Tutorial: what is the best way to backup your data safely and efficiently?

Hello all,

I am not a Linux expert (yet), but I will share my experience a bit here about: how I back-up my data safely and efficiently. However, this is only my personal option and opinion, some experts may have a better and efficient method in doing this.

From my experience, there are several ways how to backup our data:
  1. Using free cloud storage, such as Dropbox, Google Drive or One Drive
  2. External hard-drive
  3. Data server
In this article, I will share my experience in backing up my data using Ubuntu (Linux). This article should also be useful for Mac OS users.

As I mentioned in my another article, I have been using Linux due to several reasons.
However, one of the main issue in using Linux, there is no official version of Google Drive, that is my favourite cloud storage due to 15 GB free space (at starting). Although I could install Dropbox, but it only gives 2 GB free space initially (before inviting other people to use the Dropbox service).

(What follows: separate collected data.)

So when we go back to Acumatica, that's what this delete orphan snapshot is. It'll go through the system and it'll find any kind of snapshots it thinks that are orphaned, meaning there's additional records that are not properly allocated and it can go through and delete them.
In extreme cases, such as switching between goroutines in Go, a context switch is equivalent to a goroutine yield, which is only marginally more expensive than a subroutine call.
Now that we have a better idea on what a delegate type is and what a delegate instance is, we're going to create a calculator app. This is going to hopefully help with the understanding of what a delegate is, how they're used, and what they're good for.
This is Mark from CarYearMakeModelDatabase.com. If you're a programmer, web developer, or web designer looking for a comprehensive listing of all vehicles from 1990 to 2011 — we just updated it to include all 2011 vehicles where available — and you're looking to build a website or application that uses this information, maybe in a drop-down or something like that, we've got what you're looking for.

As a scientist, who works on artificial intelligence and machine learning, to deal with big scientific data, I really need a proper backup system where it can store and save my work data safely and efficiently, Dropbox is not my option here due to its limitation space. Hence, I have to find an alternative method in backing-up my data. 

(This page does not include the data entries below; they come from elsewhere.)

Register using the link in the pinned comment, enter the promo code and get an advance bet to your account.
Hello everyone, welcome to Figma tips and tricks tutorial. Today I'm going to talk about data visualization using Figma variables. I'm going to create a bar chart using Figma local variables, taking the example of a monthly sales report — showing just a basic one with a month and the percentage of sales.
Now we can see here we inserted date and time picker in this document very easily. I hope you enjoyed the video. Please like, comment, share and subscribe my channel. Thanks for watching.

Fortunately, in my current work institution (i.e. Helsinki University), the IT office provides to all staffs and students a drive, called Z-drive. It has the disk space between 5 GB to 20 GB. In addition to that, several specific departments and divisions also provide local drives for their scientists, which can reach up to 60 GB provided for each scientist.

Furthermore, I also have a privilege to have an account as well as to operate a super computer cluster in CSC – IT Center for Science Ltd. [1] that is a Finnish IT centre for science which provides IT support and modelling, computing and information services for academia, research institutes and companies in Finland and across Europe. There are several types of super computer cluster there where I have an access to a medium super cluster, named Taito [2]. In that super cluster, I am entitled to have 50 GB form home directory (that is used for saving our data as well as our developed programs) and I also have 5 TB (i.e. 5,000 GB) in work directory (that is mainly used to store our data obtained from complex scientific calculation). However, the work directory is not reliable for backing up the data since that directory is cleared from time to time due to maintenance and other reasons.
For your information, CSC – IT Center for Science Ltd. also has a more powerful supercomputer called SISU, that is the most powerful supercomputer in Finland and one of the most powerful in Northern Europe [3].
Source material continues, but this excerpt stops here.